_EXERCISE AIM_. Taking the line that contains "A picture of Yam egg roll." as the start and the last line of the data as the end, repeat exactly every line in that span, but no pictures.

[Short descriptive text snippets]
-- Opening Marker --

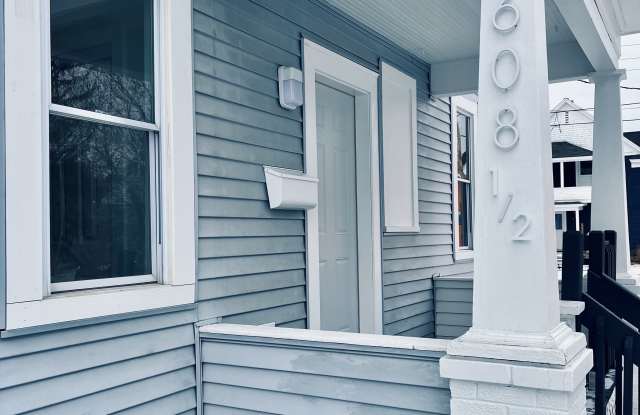 608 E Bridge St photos photos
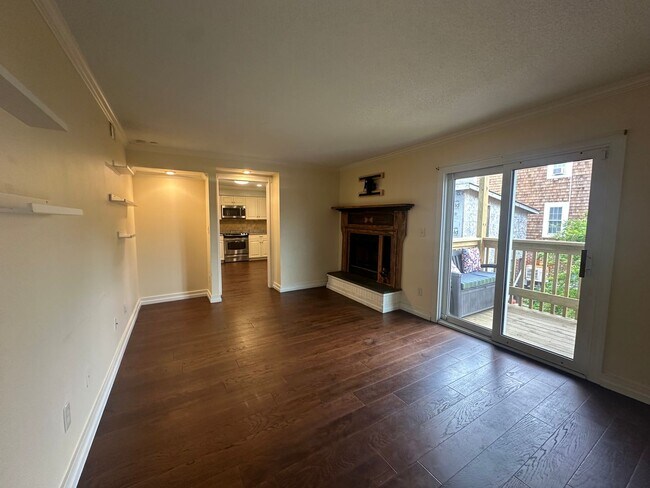 Building Photo - Beautiful 2-bedroom, 2-bath Condo just one block to the beach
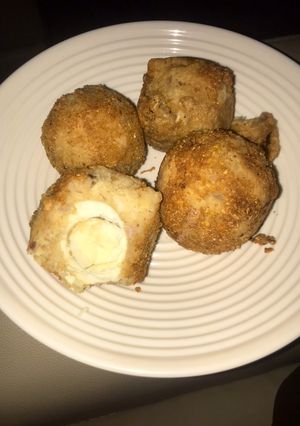 A picture of Yam egg roll.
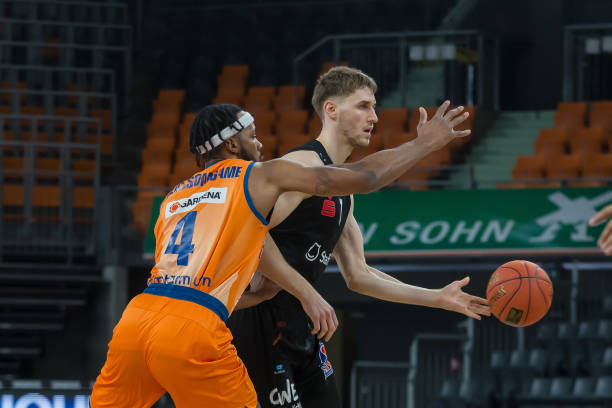 一种交易方 一种交易方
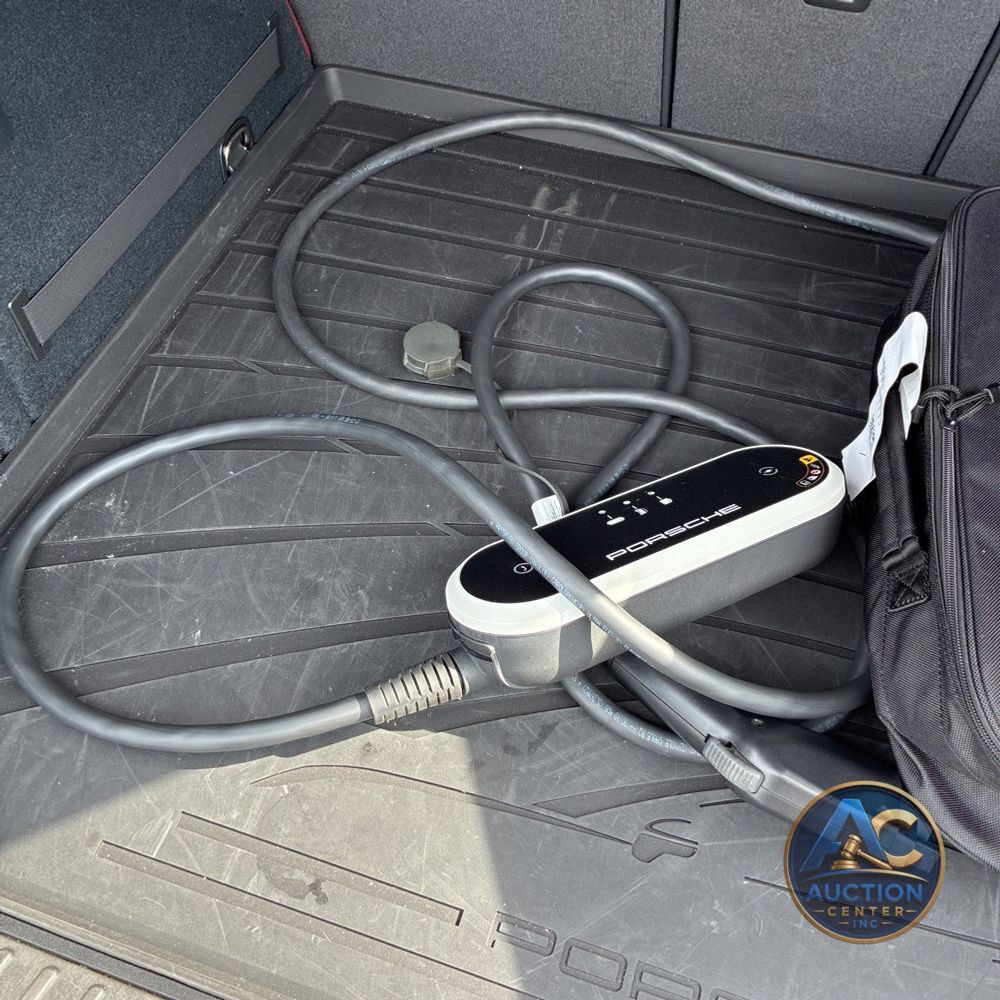 2025 Porsche Macan 4S Electric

-- Closing Marker --

_TASK SOLUTION_.
 A picture of Yam egg roll.
 一种交易方 一种交易方
 2025 Porsche Macan 4S Electric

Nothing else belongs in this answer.